In an exclusive interview with French newspaper Corse Matin, former Arsenal manager Arsène Wenger has thrown in his two cents about the speculation linking one of his former players to the vacant position at the Nouveau Stade de Bordeaux.
Asked to comment on reports linking Thierry Henry becoming first-team coach at Bordeaux, Wenger was unguarded in his response;
‘Yes, he wants to do it, he is intelligent and he has the qualities.
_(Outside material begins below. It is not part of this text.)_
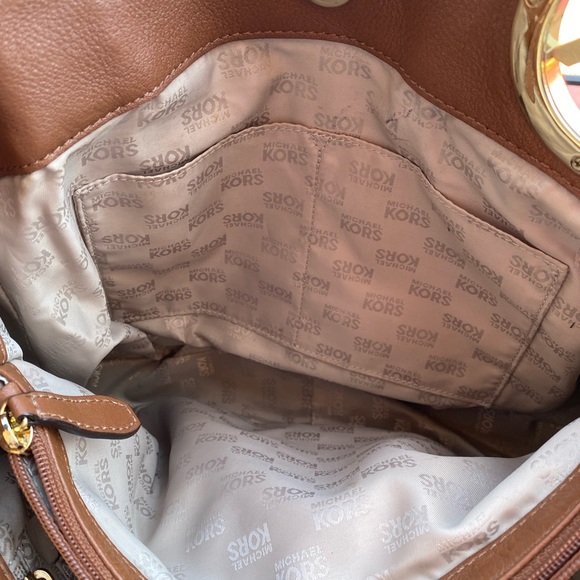 Michael Kors Tan/Caramel Leather Shoulder Bag and Wallet **WILL NOT SEPARATE** - Picture 3 of 15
The existential question that we always ask ourselves is whether we are ready to sacrifice our life for the coaching profession.’
Henry, Arsenal’s all-time record goalscorer and the fifth-highest in Premier League history, played under Arsene Wenger in North London for eight years, between 1999 and 2007.
Wenger brought the then-21 year-old from Juventus in an £11million move and transformed him from a winger into one of the deadliest strikers the English league has seen.
The two appear to retain a good relationship to this day, with Henry returning to the Emirates briefly in 2012 after a period at Barcelona and during his time at New York Red Bulls.
Since retiring from playing football and following a short spell in punditry, Henry has taken a position in the Belgium national team set-up and seems intent on making strikes in the world of management with speculation earlier this summer about the Frenchman taking the role at Aston Villa.
With the Bordeaux position likely to become available with Poyet’s speculation, it seems like Henry has a good cheerleader in Wenger to support his credentials of becoming the next manager of Les Girondins, who will likely mark a decade of having not won the Ligue 1 title at the end of the 2018/19 season.